§ **How to complete this task**: Repeat, exactly as written, the lines of the records below from the first through the line with "91家纺网 家纺一手货源 找家纺", but none past it.

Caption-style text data
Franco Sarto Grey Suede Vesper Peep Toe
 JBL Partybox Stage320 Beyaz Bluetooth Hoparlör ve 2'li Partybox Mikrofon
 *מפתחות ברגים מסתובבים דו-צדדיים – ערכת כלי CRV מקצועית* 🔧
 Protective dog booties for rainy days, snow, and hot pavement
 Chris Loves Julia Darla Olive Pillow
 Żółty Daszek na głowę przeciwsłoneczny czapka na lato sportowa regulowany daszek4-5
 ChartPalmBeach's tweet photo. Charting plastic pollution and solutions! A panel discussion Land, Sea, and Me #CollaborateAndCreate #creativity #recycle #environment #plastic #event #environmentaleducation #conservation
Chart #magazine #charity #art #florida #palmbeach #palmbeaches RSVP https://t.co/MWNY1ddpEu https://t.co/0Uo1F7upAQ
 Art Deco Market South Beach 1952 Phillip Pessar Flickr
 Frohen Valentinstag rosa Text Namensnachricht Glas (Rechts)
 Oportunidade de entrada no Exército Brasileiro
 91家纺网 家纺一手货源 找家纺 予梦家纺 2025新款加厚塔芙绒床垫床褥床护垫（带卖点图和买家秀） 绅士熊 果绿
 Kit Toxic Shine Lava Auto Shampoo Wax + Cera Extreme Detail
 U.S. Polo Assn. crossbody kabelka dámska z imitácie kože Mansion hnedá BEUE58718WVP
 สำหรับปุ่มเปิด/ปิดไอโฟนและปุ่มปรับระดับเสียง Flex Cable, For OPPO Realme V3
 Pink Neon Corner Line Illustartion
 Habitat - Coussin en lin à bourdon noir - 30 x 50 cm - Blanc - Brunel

§ **Response box**:
Franco Sarto Grey Suede Vesper Peep Toe
 JBL Partybox Stage320 Beyaz Bluetooth Hoparlör ve 2'li Partybox Mikrofon
 *מפתחות ברגים מסתובבים דו-צדדיים – ערכת כלי CRV מקצועית* 🔧
 Protective dog booties for rainy days, snow, and hot pavement
 Chris Loves Julia Darla Olive Pillow
 Żółty Daszek na głowę przeciwsłoneczny czapka na lato sportowa regulowany daszek4-5
 ChartPalmBeach's tweet photo. Charting plastic pollution and solutions! A panel discussion Land, Sea, and Me #CollaborateAndCreate #creativity #recycle #environment #plastic #event #environmentaleducation #conservation
Chart #magazine #charity #art #florida #palmbeach #palmbeaches RSVP https://t.co/MWNY1ddpEu https://t.co/0Uo1F7upAQ
 Art Deco Market South Beach 1952 Phillip Pessar Flickr
 Frohen Valentinstag rosa Text Namensnachricht Glas (Rechts)
 Oportunidade de entrada no Exército Brasileiro
 91家纺网 家纺一手货源 找家纺 予梦家纺 2025新款加厚塔芙绒床垫床褥床护垫（带卖点图和买家秀） 绅士熊 果绿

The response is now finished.